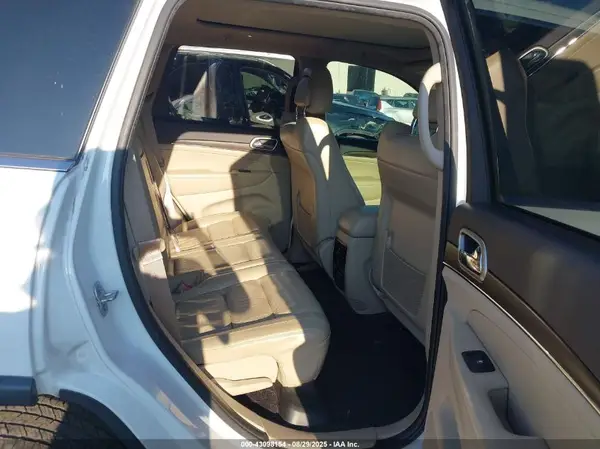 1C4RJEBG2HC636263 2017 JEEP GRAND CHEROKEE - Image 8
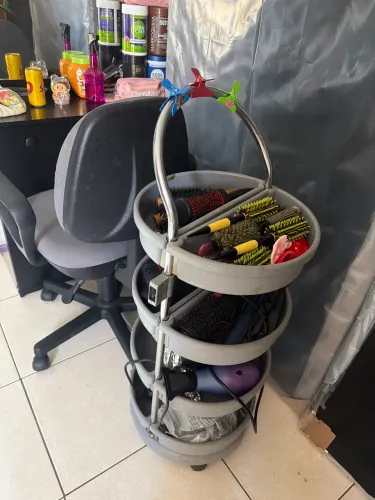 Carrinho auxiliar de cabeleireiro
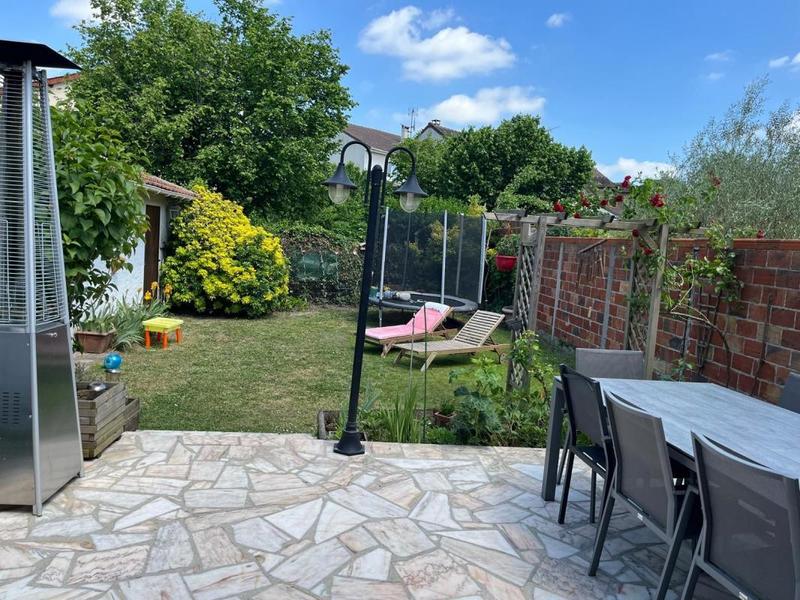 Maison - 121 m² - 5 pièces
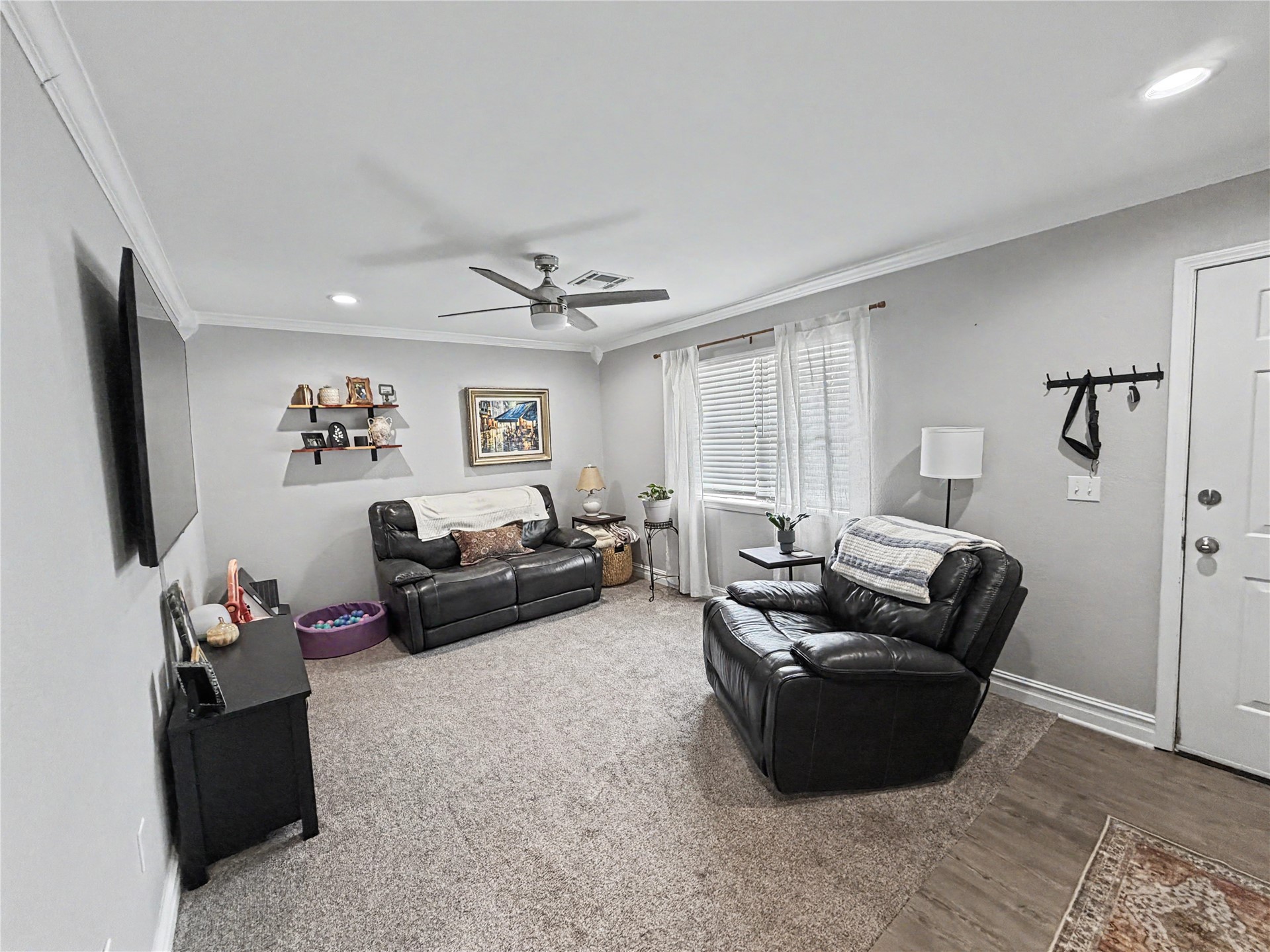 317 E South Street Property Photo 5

---

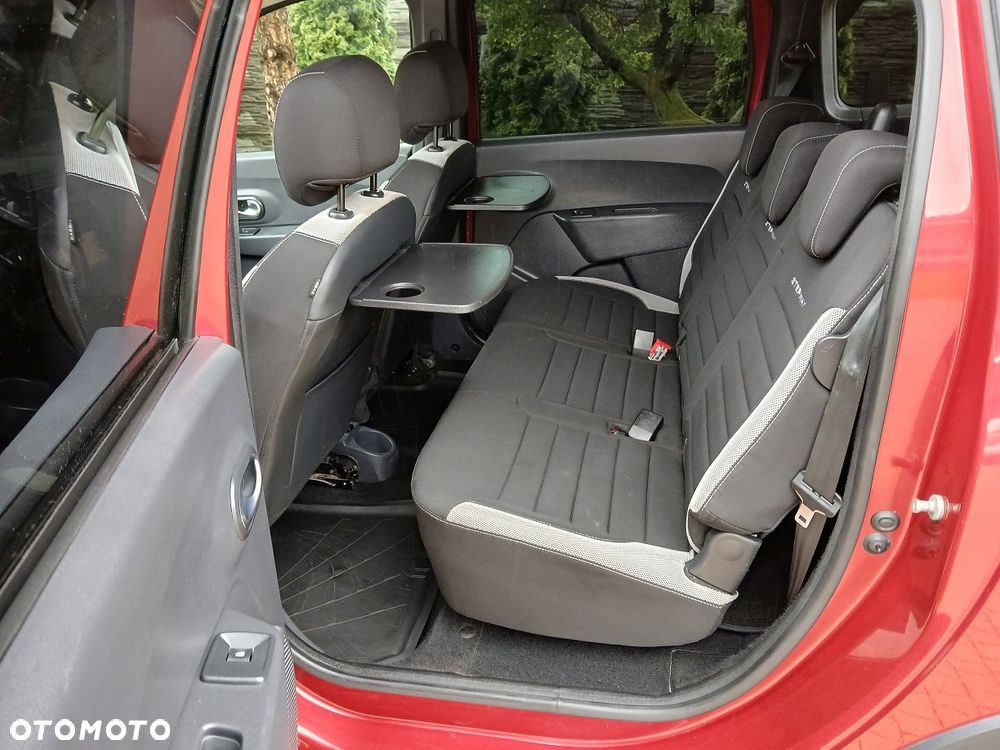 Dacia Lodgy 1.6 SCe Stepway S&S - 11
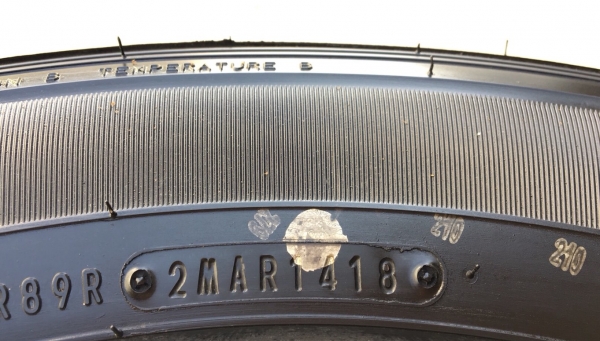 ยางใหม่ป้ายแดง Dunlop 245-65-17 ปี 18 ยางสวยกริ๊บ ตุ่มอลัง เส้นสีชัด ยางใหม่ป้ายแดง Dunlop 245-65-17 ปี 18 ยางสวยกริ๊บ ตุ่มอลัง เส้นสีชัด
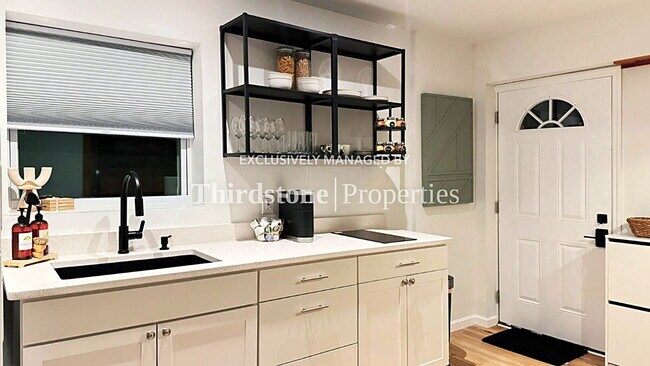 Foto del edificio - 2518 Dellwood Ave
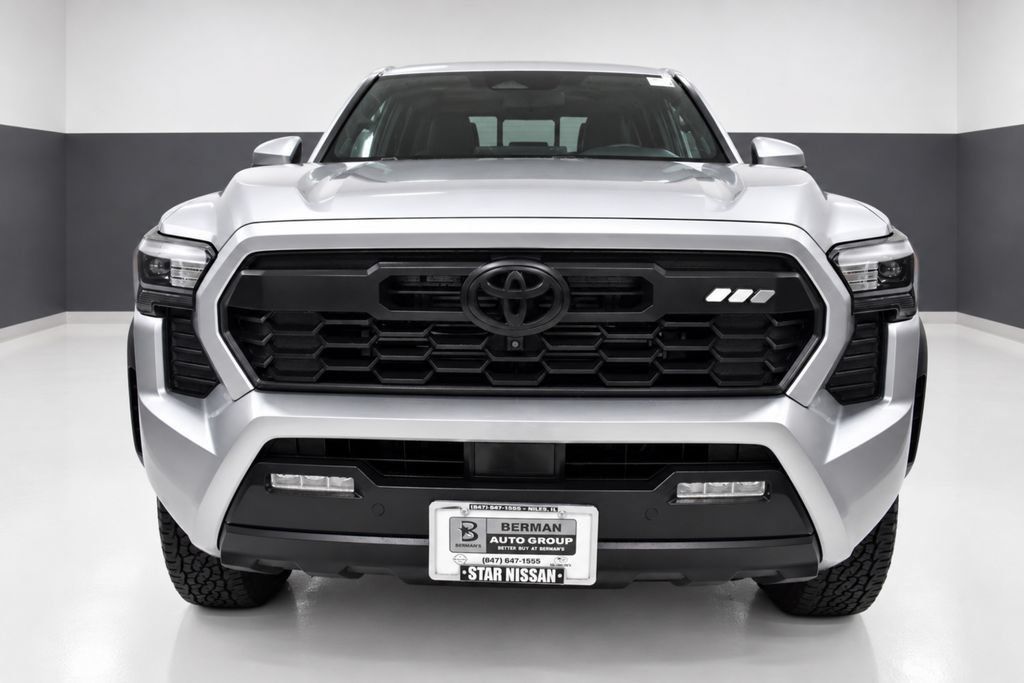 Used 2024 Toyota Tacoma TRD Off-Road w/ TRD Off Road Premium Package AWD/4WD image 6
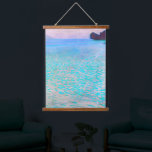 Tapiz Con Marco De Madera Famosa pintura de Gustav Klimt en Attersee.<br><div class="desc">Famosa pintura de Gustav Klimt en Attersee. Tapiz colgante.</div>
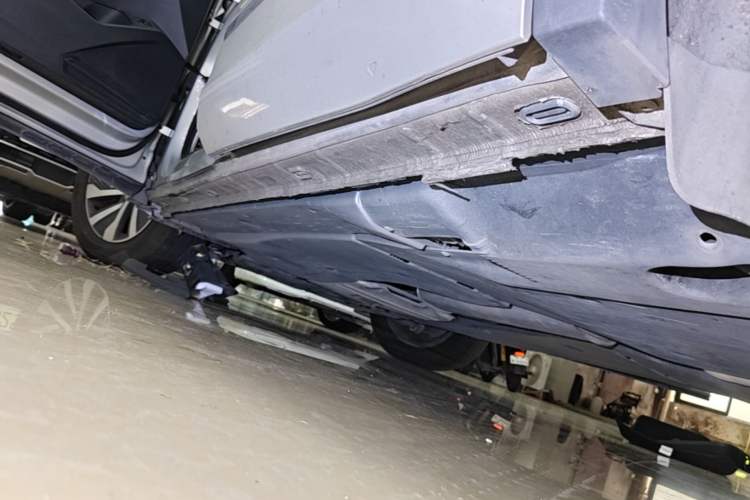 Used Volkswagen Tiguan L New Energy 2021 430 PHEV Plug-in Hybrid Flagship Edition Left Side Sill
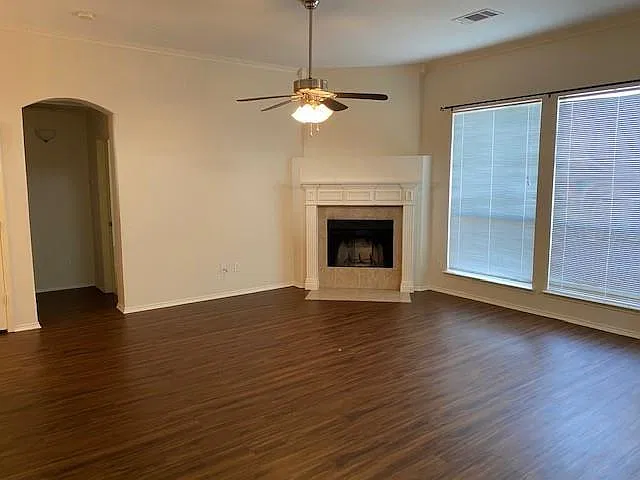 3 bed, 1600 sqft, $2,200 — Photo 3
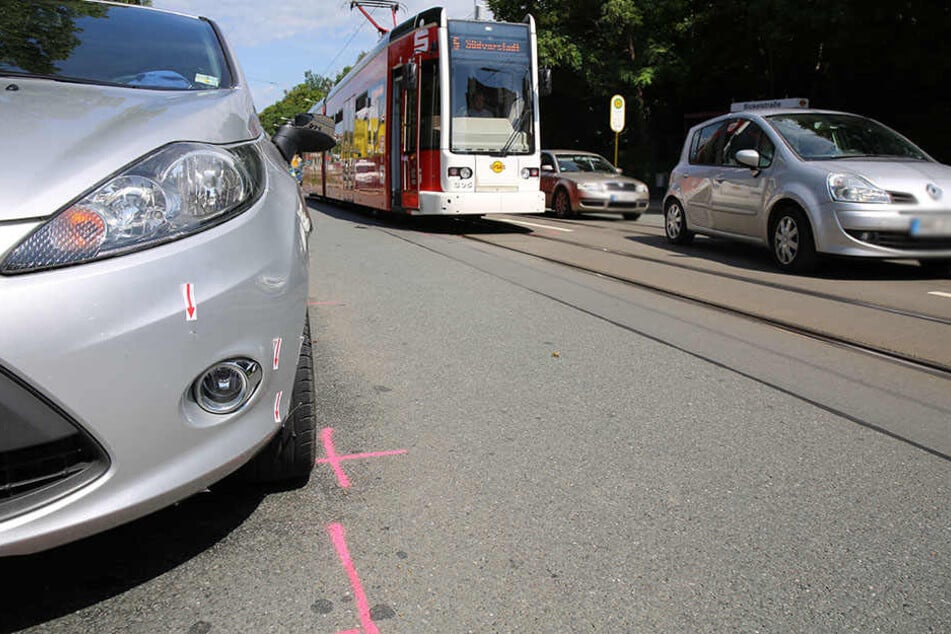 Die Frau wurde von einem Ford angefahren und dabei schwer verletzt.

What needs to be done: What's needed is an exact copy of the records above from the line containing "1C4RJEBG2HC636263 2017 JEEP" down to the line containing "317 E South Street Property Photo 5", both included, without any pictures.

Final answer:
 1C4RJEBG2HC636263 2017 JEEP GRAND CHEROKEE - Image 8
 Carrinho auxiliar de cabeleireiro
 Maison - 121 m² - 5 pièces
 317 E South Street Property Photo 5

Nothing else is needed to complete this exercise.